Chapter 9 (Yoana's Side)

Start from the beginning
                                    

Di saat seperti inilah terkadang bayangan Papa dan pelajaran gitarnya membuat hati dan pikiranku tertawan di masa lalu.

***

"Yah, kayaknya rencana kita makan-makan di kafe baru yang di sebrang kampus batal deh. Aku harus belajar buat kuis besok pagi."

Kabar buruk dari dosen conversation merusak dua rencanaku sekaligus. Makan-makan bersama Retha dan menikmati renungan bersama lagu-lagu favoritku di rumah. Dengan adanya kuis pada matkul jam pertama besok sudah jelas takkan memberiku kesempatan untuk mendengarkan musik dengan rileks. Ada fotokopian percakapan yang baru diberikan tadi siang dan harus hapal dalam waktu kurang dari 24 jam.

"Bener juga ya. Ya udah kalo gitu aku duluan ya, Tha."

Kami berpisah di gerbang fakultas menuju arah yang berbeda. Nafasku menghela panjang, pasrah dengan mood jelek yang menguasaiku hari ini. Memulai hari tanpa musik, menghadapi hal menyebalkan, dan mengakhiri hari tanpa musik pula karena ada kuis.

Papa bilang, segala sesuatu takkan berpihak pada kita bila tak mengandung unsur ikhlas di dalamnya. Teori itu terbukti kebenarannya melalui kenyataan betapa sulitnya baris percakapan itu menempel dalam otakku. Mengeluh dan mengumpat pun sama sekali takkan memberi bantuan apapun.

Mungkin ini saatnya sang panglima perang tahu masalah ini.

"Hai kak, lagi ngapain nih?"

"Baru banget nyampe tempat bimbel, sekarang lagi nyantai aja di lobi. Kalau Yoana?"

"Lagi belajar nih, aku pusing banget besok pagi udah ada kuis percakapan," aku langsung mengarahkan pada tujuan utamaku mengirim chat di Facebook.

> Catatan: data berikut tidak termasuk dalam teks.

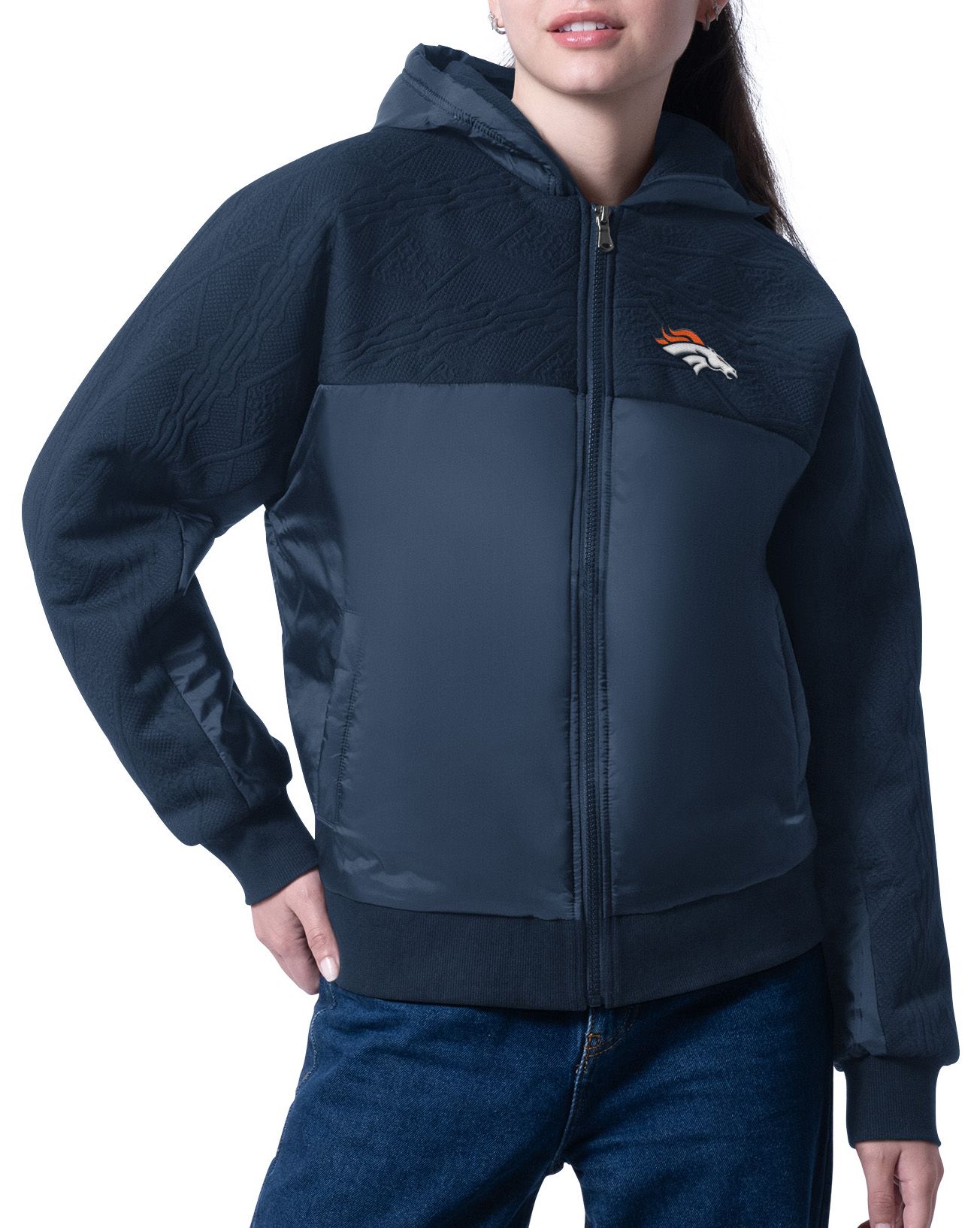 G-III for Her Women's Denver Broncos Navy Locker Talk Jacket product image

"Ya begitulah mahasiswa," ia membalas dengan cara yang biasa ia lakukan setiap aku menyuarakan kesulitanku. Kata-kata itu mengembalikan seberkas ingatan saat aku mengeluhkan setumpuk tugas ospek kampus kepada Kak Erik. Ia hanya mengungkapkan ketiga kata yang aku rasa seperti menyiratkan banyak hal di baliknya. Kak Erik dan tanggapannya itu telah berhasil mengungkapkan suatu bentuk empati atas kesulitanku. Lalu ia berhasil mengalihkan percakapan hingga semangatku terbentuk kembali.

Ternyata pada laman pesan muncul tanda elipsis yang bergerak-gerak, pertanda ia masih melanjutkan obrolannya. Kedua pupil mataku sama sekali tak beralih dari tanda elipsis itu.

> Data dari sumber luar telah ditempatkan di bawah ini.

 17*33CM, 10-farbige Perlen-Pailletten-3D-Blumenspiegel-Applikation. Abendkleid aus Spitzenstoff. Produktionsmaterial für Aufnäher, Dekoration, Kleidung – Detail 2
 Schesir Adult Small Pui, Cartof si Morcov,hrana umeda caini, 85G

"Makanya coba kamu minta pertolongan pada Allah. Terus minta didoain sama sama guru kamu juga biar kuisnya lancar. Kalo cuma bersandar pada kemampuan sendiri emang ngga gampang."

Tubuh lunglaiku di bangku belajar menjadi terperanjat ketika pesan itu masuk. Kini Kak Erik muncul dengan chat di luar kepribadiannya selama ini.

"Minta doa sama dosen aku??"

"Iya, sama dosen kamu yang ngasih kuis itu. Percaya ngga sih, Abu Hurairah aja bisa ngapalin ribuan hadits setelah didoain sama Rasulullah. Kamu yang cuma ngadepin satu kuis percakapan bahasa Inggris pasti lebih bisa kalo udah didoain."

Tanda elipsis muncul lagi. Aku memilih untuk mendiamkannya sejenak.

"Kamu harus tetep bersabar selama kamu ada di jalan Allah. Nyari ilmu itu jihad. Sabarnya kita dalam berjuang itu harus kayak sabarnya benda mati."

"Hah? Benda mati? Maksudnya gimana Kak?" Kak Erik semakin membuatku bingung dengan arah pembicaraannya.

"Contohnya pas Yoana lagi baca, terus tiba-tiba bosen, yang bosen Yoananya atau bukunya?"

"Aku dong yang bosen, masa bukunya hehe."

"Iya, itu maksud Kakak."

Aku hanya mengirim 3 buah tanda titik, pertanda tak tahu harus menjawab apa.